Looks like your president wants to save you from yourselves...
Elimination of OTC Forex
Effective 90 days from its inception, the Dodd-Frank Act bans most retail OTC forex transactions. Section 742(c) of the Act states as follows:
...A person [which includes companies] shall not offer to, or enter into with, a person that is not an eligible contract participant, any agreement, contract, or transaction in foreign currency except pursuant to a rule or regulation of a Federal regulatory agency allowing the agreement, contract, or transaction under such terms and conditions as the Federal regulatory agency shall prescribe...
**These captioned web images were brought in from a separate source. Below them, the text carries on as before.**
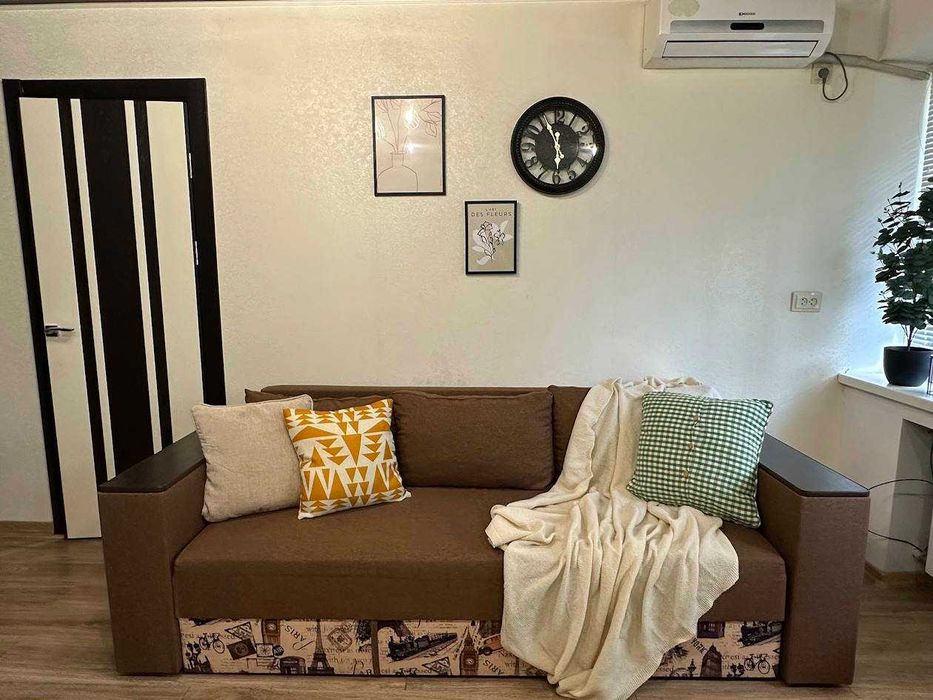 Відмінний напівЛЮКС.Квартира подобово,погодинно.Центр.Посуточно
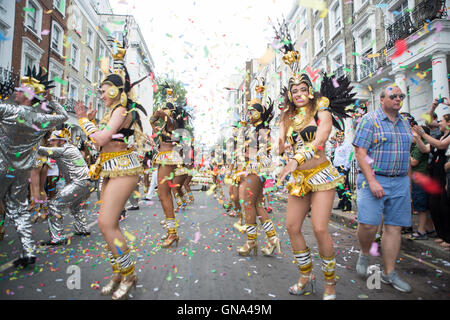 Paraiso Scuola di Samba in esecuzione il carnevale di Notting Hill parade, 29 agosto 2016. Foto Stock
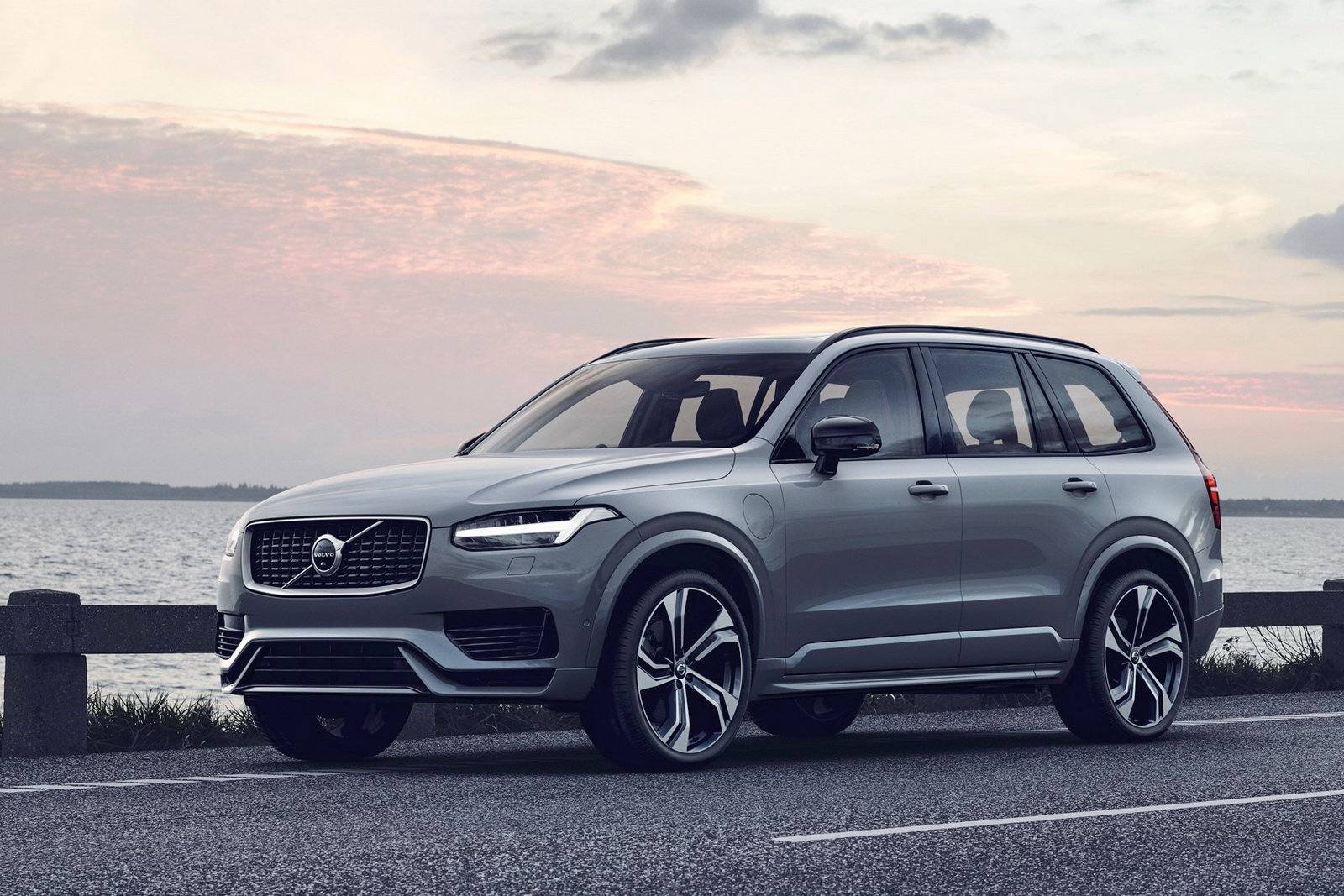 VOLVO XC90 2019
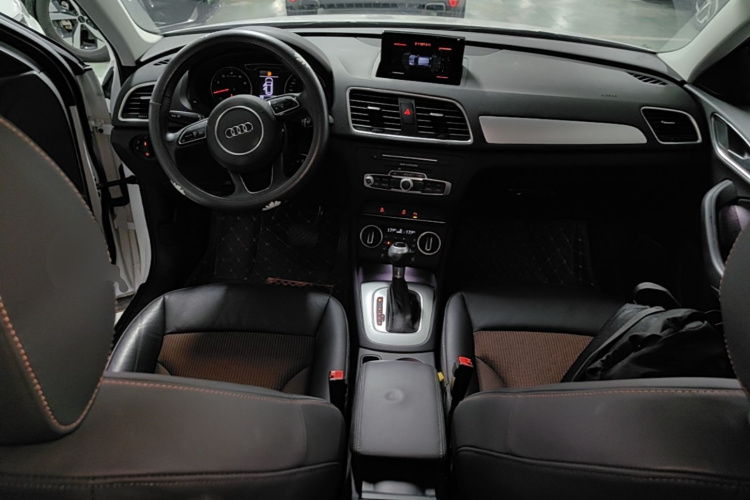 Audi Q3 2019 #10 Audi Q3 2019 car image #10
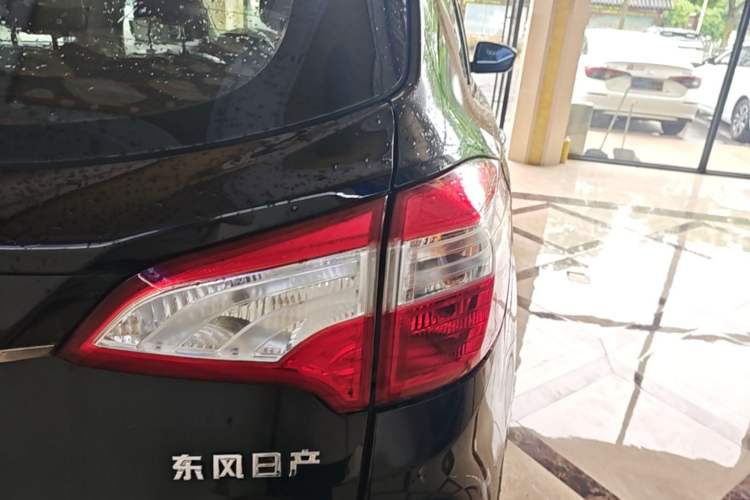 Used Venucia T70 2016 1.6L Manual Ruixing Edition Exterior 3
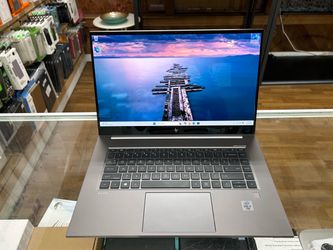 HP Zbook Studio G7 15.6 inch touchscreen laptop core i9-10th gen 32GB RAM 512GB SSD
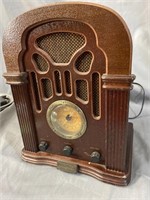 OLD STYLE RADIO WITH CASSETTE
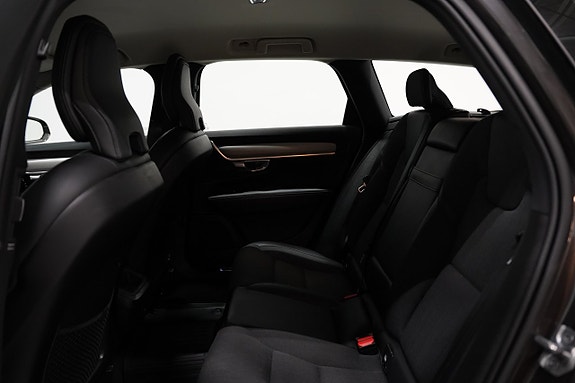 Volvo V90 22 of 27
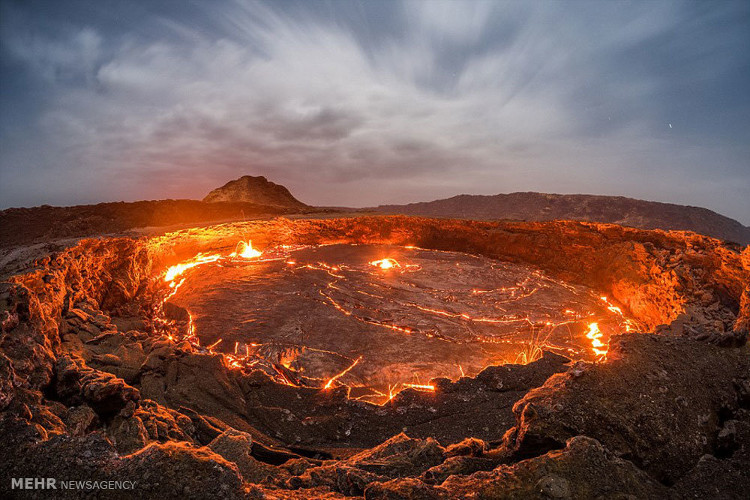 Picture 2 of 'Hell's Gate' in Ethiopia is filled with 7km long cracks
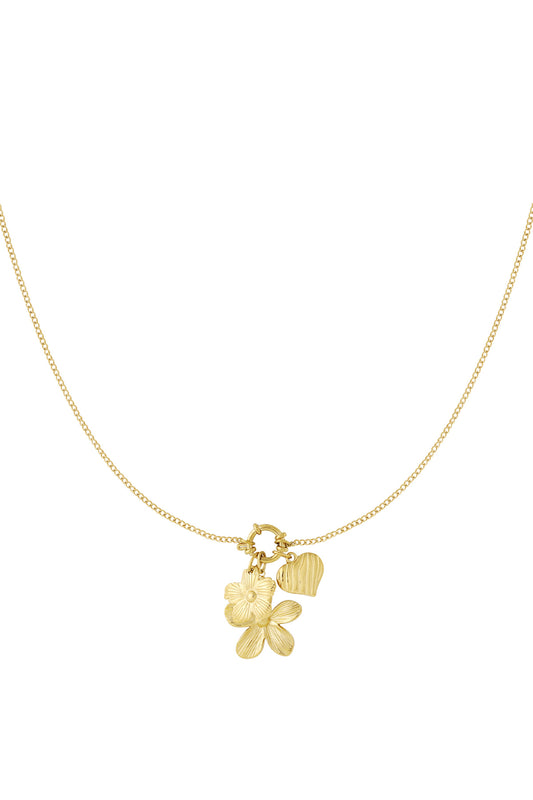 Blommigt halsband med lekfulla berlocker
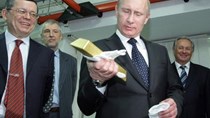 Báo Đức: Tổng thống Nga sai lầm khi cho dự trữ vàng thay USD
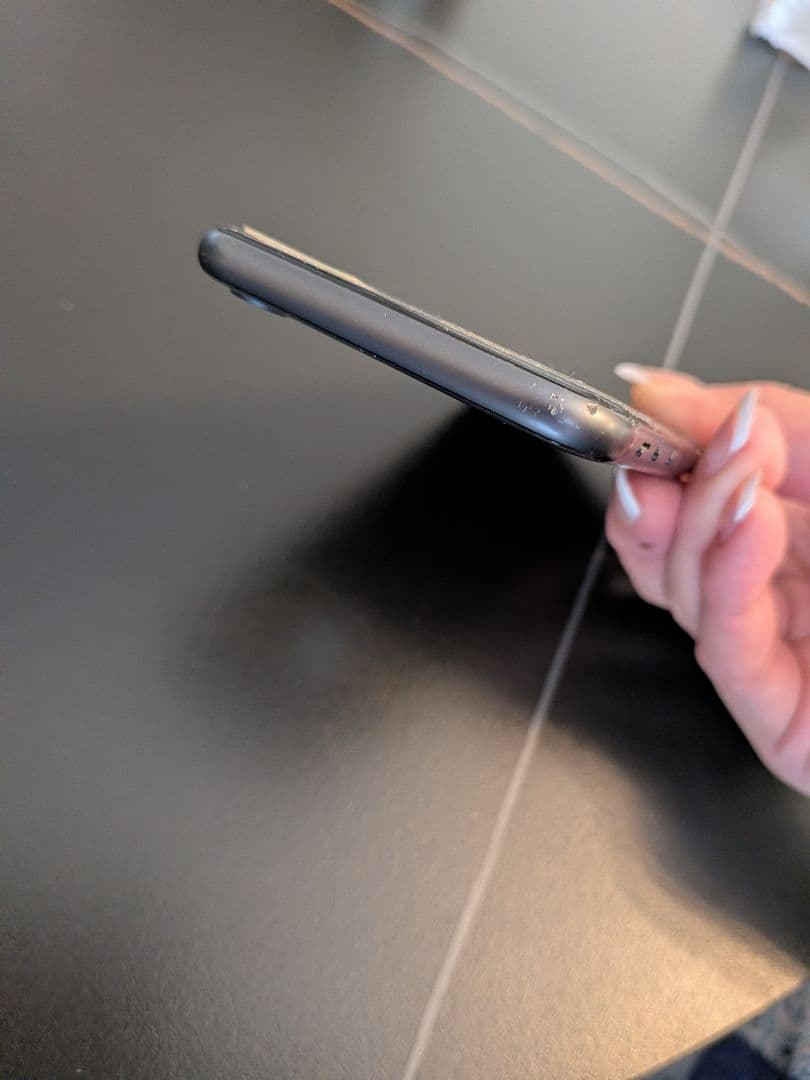 iPhone ブラック スクラッチあり 本体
This provision will not come into effect, however, if the CFTC or another eligible federal body issues guidelines relating to the regulation of foreign currency within 90 days of its enactment. Registrants and the public are currently being encouraged by the CFTC to provide insight into how the Act should be enforced. See CFTC Rulemakings regarding OTC Derivatives located at the following website address, under Section XX - Foreign Currency (Retail Off Exchange). As this provision is potentially devastating to the forex industry, affected readers are encouraged to voice their opinions to the CFTC directly. To do so commentary should be forwarded to via email to:
Attn: David A. Stawick, Secretary
Commodity Futures Trading Commission
Three Lafayette Center
1155 21st Street, NW
Washington, DC 20581
It is essential that OTC forex participants seek professional help to discuss possible operational and regulatory contingency plans.